Évidemment, quand on parle à l’employeur du gamin qu’il ne doit pas faire travailler et exploiter de la sorte, il sort de ses gonds. Moi, je lui donne de quoi manger. Et toi, qu’est-ce que tu lui donnes ? Mais c’est un môme, je lui rétorque. Comme ça, il apprend à être un homme ? La phrase qui tue. Celle qui est sensée tout régler et me clouer le bec. Le pire c’est la même phrase que sortira le géniteur assis sur la terrasse de son café toute la sainte journée, une cigarette au bec. Mais vous êtes un esclavagiste, monsieur, un criminel aux yeux de toutes les lois du monde. Va raconter cela ailleurs, moi je paie qui je veux et je fais travailler qui je veux, même un gamin. Une parentalité inversée.
Cet enfant est un gagné-pain. Il est responsable des fois dans ses couches de permettre l’apitoiement des passants et les entrées monétaires de ses parents. Le parent employeur est sans pitié, il lui appartient, il l’a mis au monde sans oublier que le discours de religiosité culturelle fait de l ‘enfant l’éternel redevable. Un discours sorti de son contexte certes, mais qui marche. Bien sûr, du moment que personne ne vient le bousculer et lui demander des comptes sur le travail d’un enfant de six ans, qui doit jouer avec d’autres copains de son âge et profiter de cette belle période de la vie que l’on nomme enfance, sans trop savoir que c‘est là l’unique richesse dont dispose un homme. Bien sûr que cet adulte ne comprend même pas qu’un enfant doit être épargné et protégé, et que le fait de le faire plier sous un cageot de pomme de terre, ou un pneu à réparer, est un traumatisme à vie.
Encore cette exploitation du cageot de pommes de terre est louable diraient certains parents, car eux au moins, ne prostituent pas leurs enfants. Car d’autres mères en manque de ressources aiment à voir pousser en belle plante une jeune fille de 14 ans et la voient déjà sur les podiums du Middle East en peau de chagrin émaciée et souriante permettant la belle vie à toute la famille et sa propulsion dans des quartiers de standing moyen et qui sait, avec un bon cheikh-mouton (surnom populaire d’un cheikh riche dans l’argot marocain) à la clé.

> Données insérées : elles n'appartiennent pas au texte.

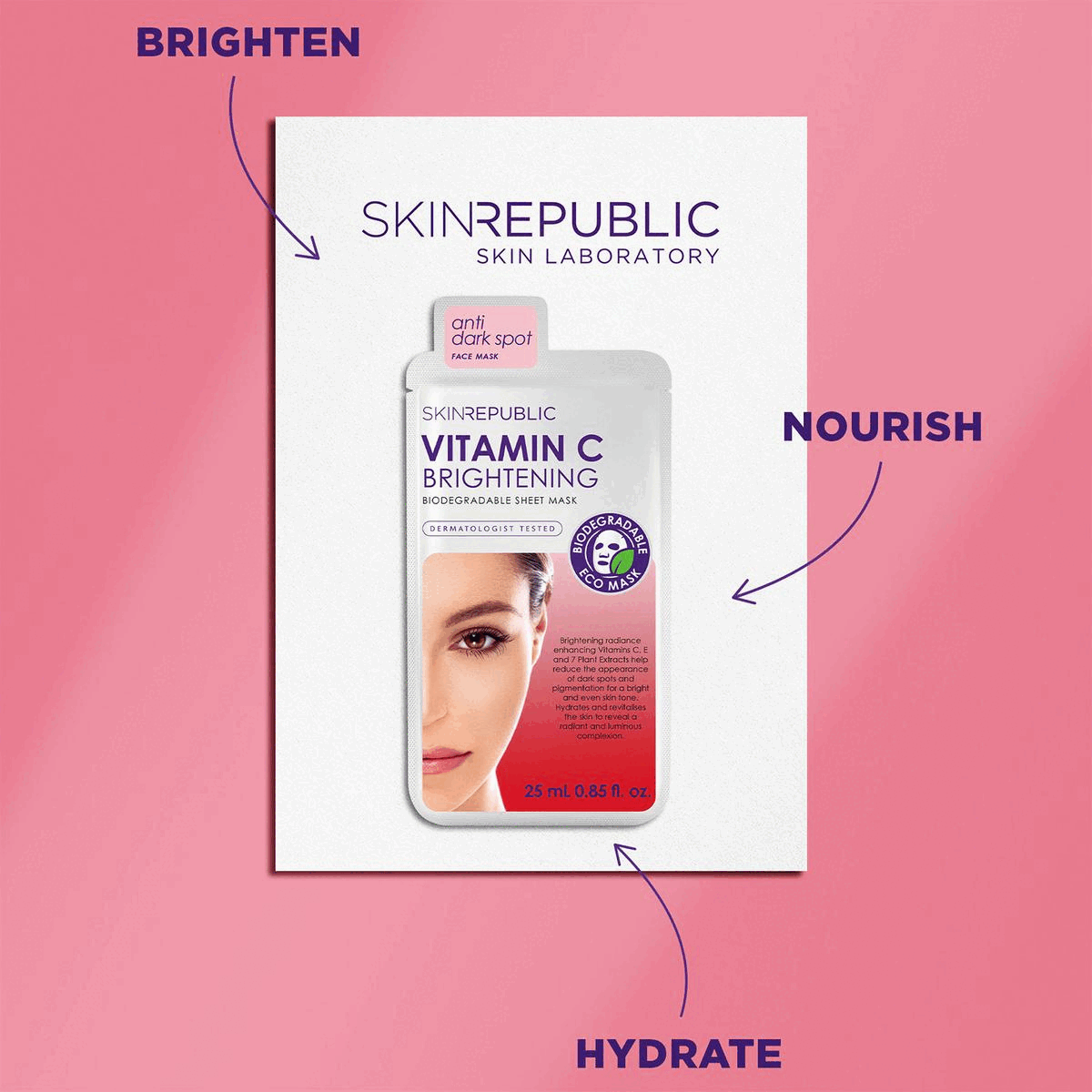 Image 1, brighten, nourish, hydrate Image 2, biodegradable mask and pack, vegetarian friendly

Alors où sont tous les slogans à la marocaine sur la protection des enfants ? Il suffit de faire un tour dans la ville, quartier par quartier, pour voir à quel point on se fiche de l’enfance. Les politiciens peuvent entonner la chansonnette sur les droits des enfants, rien n’y fait.
Les ONG peuvent monter au créneau. C’est toujours pareil, des centaines de milliers de mômes sont livrés à la loi de l’argent. Le pire est que le Maroc est en phase de produire en série des adultes-nés, avec impasse totale sur l’enfance, portant en eux une colère inexpliquée qui peut un jour s’avérer très dangereuse. Dangereuse en effet, l’enfant stoppe sa maturité au déclenchement du traumatisme et développe un adulte immature, impulsif, colérique, drogué, criminel … mais qui vous pleure dans les bras son enfance à vous fendre le cœur. La discordance est de taille.
Mais sa souffrance appelle la souffrance de l’autre et on reproduit inlassablement générationnellement celle-ci, car si j’y ai survécu c’est la bonne recette pour grandir. La fosse à purin est grande ouverte mais tant qu’elle est reste à la porte je ne m’en formalise pas. Les valeurs de citoyenneté, d’engagement social et de responsabilité collective sont certainement sur le papier mais comme pour beaucoup d ’autres choses importantes la communication et le papier suffisent, le changement et les résultats importent peu.